Matrix Multiplication
Avg: 14.59 ms Min: 10.161 ms Max: 22.927 ms (Avg: 14590 Min: 10161 Max: 22927)

Matrix Multiplication glmatrix.dart
Avg: 283.353 ms Min: 272.062 ms Max: 287.988 ms (Avg: 283353 Min: 272062 Max: 287988)

mat4x4 inverse
Avg: 28.289 ms Min: 21.019 ms Max: 34.891 ms (Avg: 28289 Min: 21019 Max: 34891)

mat4x4 inverse glmatrix.dart
Avg: 318.909 ms Min: 315.435 ms Max: 325.831 ms (Avg: 318909 Min: 315435 Max: 325831)

vector transform
Avg: 4.324 ms Min: 2.811 ms Max: 14.859 ms (Avg: 4324 Min: 2811 Max: 14859)

vector transform glmatrix.dart
Avg: 144.431 ms Min: 138.263 ms Max: 153.798 ms (Avg: 144431 Min: 138263 Max: 153798)

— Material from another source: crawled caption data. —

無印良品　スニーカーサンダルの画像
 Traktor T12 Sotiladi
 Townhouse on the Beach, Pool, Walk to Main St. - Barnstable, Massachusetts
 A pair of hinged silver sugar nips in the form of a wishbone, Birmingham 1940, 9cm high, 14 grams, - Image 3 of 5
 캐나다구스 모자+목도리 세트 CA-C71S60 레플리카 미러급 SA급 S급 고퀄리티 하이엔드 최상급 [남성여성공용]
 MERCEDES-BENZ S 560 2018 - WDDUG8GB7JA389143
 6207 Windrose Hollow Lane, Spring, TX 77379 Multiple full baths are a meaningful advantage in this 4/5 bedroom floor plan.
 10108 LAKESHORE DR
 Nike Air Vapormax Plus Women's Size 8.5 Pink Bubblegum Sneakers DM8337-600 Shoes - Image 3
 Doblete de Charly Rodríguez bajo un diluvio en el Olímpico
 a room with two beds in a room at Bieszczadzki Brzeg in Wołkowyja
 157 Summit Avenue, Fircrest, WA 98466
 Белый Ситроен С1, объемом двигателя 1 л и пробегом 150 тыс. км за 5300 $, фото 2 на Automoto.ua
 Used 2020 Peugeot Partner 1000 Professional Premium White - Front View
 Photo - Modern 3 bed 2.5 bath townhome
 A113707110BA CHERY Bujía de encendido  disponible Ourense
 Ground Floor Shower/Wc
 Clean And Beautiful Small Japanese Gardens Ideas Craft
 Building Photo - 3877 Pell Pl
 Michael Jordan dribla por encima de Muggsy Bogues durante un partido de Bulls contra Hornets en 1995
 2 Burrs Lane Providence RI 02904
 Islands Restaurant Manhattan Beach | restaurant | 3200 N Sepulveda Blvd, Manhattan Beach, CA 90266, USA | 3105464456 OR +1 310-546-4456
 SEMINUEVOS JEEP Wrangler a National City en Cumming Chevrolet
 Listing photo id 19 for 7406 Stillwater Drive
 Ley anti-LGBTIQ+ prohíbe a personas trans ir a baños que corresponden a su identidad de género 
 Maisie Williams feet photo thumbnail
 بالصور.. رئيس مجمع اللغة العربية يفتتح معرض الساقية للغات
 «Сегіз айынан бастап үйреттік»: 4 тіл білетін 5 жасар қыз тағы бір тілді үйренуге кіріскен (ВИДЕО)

The code for 4×4 matrix multiplication in Dart Vector Math and glMatrix are practically identical, so on closer inspection the above numbers didn’t make much sense. There is one key difference- Dart Vector Math uses a native Dart object to store the matrix while glMatrix uses a Float32Array as storage. Digging into the disassembly I discovered that indexing into a Float32Array is a slow path for the VM right now, skewing the results against glMatrix.dart. Not that big of a deal, Dart is a new language and the VM needs time to mature.

Once the performance issue with Float32Arrays is fixed I want to have Dart Vector Math use them for two reasons. First, they take up 50% less space (single vs. double precision floats). Second, WebGL needs Float32Arrays for uniform data which means the matrix is going to eventually end up inside a Float32Array, might as well keep it in one the whole time. There is no CPU performance benefit from using Float32Array as storage because all operations result in the floats being promoted to doubles, operated on, and then stored back as floats.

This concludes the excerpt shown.